Transportation-related emissions have a negative impact on public health because of their negative impact on the air quality [11]. The deleterious impact of air pollution on public health has long been assessed and described as underlined by WHO [71]. Although they may seem to be two very different issues, climate change and air pollution are closely related, emissions of pollutants into the air can result in changes to the climate, and vice versa [3].

For the above reasons, we underscore that the use of H2FC bus fleets during the entire project allowed to save potentially around 5 tons of carbon monoxide, 1.4 tons of nitrogen oxides, roughly a half ton of unburned hydrocarbons (HC) and nearly 36 kg of particulate matter (PM), if compared to a EURO 6 Diesel bus. Emission limits are taken from [22]. See S1 for details on the emissions saving calculation. Therefore, policies should involve the integration of climate change, air quality and public health benefits to provide a common ground [3].

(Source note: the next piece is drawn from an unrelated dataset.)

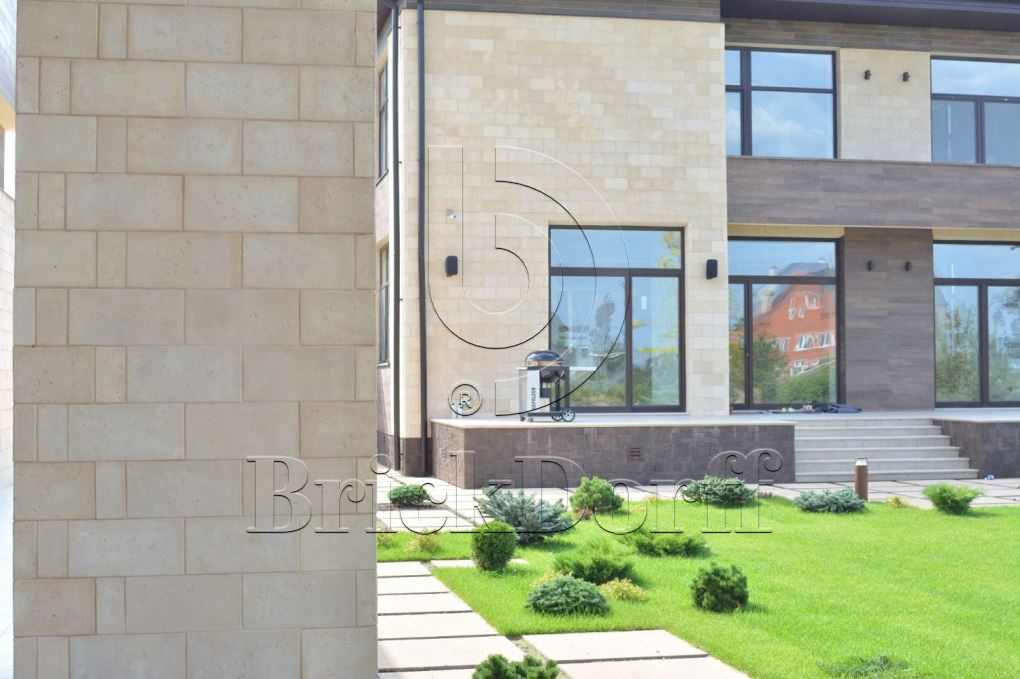 Фасадная облицовочная декоративная плитка травертин-касса 15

For regional environmental impacts caused by airborne emissions, i.e. acidification and eutrophication, as well as local air pollution, renewable hydrogen option has the best potential to reduce impacts of emissions overall. In August of 2019, the EC revised their previously published Clean Vehicle Directive [24], tightening up and set a minimum target for 24% of all public transport buses in each EU member state to be "clean" by 2025, with this minimum quota increasing based on the country’s Gross Domestic Product (GDP).

4 Conclusions

The outcomes of these demonstration projects have substantially proved the effectiveness of such approach, thus favouring renewables penetration and significantly improving the air quality in cities. In this context hydrogen produced through electrolysis using renewable electricity can play a particularly important "nodal" role in decarbonizing transport in a cost-effective way, addressing the whole hydrogen value chain to support economic growth and recovery.

Our results clearly indicate that it is advantageous to promote such mode of transportation in areas where electricity is primarily produced from renewables (i.e. wind power as an alternative to fossil fuels). It is noteworthy that the surge in electricity demand in transportation should be accompanied by a sharpened policy focus with regard to life cycle management and to counter potential drawbacks, in particular those related to problem shifting and to grid improvement.